- [Problem statement]
For each line in the data below that holds "circulation", return a copy.

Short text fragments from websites
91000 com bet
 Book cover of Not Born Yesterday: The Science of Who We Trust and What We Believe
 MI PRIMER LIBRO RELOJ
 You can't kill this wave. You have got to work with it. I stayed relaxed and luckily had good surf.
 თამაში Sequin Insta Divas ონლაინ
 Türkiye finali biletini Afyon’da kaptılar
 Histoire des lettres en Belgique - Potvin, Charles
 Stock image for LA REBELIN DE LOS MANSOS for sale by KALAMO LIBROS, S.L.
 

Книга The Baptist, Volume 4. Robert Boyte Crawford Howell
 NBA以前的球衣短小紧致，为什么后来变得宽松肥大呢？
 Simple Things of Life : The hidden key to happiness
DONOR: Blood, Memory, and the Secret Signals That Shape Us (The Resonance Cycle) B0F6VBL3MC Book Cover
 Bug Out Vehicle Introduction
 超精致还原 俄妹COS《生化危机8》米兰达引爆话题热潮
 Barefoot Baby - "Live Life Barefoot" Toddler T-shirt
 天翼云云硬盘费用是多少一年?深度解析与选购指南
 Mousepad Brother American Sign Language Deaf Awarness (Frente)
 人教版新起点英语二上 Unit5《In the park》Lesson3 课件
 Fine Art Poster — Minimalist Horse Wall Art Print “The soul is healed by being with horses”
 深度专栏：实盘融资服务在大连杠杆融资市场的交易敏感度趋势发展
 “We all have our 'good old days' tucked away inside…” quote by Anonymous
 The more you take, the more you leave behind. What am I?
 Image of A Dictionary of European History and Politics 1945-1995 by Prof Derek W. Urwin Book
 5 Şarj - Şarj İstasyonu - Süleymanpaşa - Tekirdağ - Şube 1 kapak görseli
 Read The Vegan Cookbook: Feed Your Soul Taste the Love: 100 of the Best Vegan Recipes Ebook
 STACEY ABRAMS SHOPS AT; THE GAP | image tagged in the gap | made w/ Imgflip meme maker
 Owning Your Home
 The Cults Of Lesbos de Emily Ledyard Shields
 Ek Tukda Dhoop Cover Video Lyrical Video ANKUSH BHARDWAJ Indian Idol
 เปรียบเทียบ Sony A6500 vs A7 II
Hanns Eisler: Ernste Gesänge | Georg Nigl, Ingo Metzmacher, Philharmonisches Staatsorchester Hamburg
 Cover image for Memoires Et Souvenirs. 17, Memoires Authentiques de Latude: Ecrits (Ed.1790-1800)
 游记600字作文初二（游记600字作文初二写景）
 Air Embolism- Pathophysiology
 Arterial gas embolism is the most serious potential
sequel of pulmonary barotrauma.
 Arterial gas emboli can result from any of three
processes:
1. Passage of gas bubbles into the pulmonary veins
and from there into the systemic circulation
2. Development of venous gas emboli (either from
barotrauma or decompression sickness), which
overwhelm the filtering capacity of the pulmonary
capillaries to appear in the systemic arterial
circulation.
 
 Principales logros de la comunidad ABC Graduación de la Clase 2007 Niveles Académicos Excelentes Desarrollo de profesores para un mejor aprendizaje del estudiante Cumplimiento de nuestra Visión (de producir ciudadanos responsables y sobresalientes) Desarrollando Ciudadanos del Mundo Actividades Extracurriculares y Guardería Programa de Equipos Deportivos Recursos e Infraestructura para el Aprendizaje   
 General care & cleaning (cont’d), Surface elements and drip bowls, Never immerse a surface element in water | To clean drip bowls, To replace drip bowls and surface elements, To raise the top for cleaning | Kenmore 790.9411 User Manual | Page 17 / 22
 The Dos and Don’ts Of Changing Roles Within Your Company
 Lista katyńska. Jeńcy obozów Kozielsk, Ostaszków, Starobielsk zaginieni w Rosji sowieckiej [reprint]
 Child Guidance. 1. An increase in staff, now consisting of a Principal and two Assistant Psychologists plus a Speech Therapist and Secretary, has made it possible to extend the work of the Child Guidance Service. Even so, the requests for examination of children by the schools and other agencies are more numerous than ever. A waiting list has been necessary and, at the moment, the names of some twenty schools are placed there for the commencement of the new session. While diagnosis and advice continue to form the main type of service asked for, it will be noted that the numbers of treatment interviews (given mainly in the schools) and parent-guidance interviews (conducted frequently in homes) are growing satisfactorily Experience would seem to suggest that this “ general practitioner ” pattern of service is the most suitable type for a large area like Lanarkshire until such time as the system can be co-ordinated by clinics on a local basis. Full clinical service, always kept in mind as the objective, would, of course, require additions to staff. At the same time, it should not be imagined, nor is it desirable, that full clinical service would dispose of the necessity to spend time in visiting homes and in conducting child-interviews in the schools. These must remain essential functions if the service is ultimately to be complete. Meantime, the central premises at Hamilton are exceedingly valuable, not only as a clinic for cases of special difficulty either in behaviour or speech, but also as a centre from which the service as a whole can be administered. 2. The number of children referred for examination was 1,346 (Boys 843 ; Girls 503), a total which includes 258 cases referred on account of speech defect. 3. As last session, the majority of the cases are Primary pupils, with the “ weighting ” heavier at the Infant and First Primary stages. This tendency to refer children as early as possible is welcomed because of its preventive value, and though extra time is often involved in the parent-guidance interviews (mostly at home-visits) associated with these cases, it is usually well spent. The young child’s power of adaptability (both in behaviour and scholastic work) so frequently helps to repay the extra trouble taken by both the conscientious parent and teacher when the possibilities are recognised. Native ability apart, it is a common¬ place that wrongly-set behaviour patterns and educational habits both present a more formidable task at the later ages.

- [Expected answer]
and from there into the systemic circulation
circulation.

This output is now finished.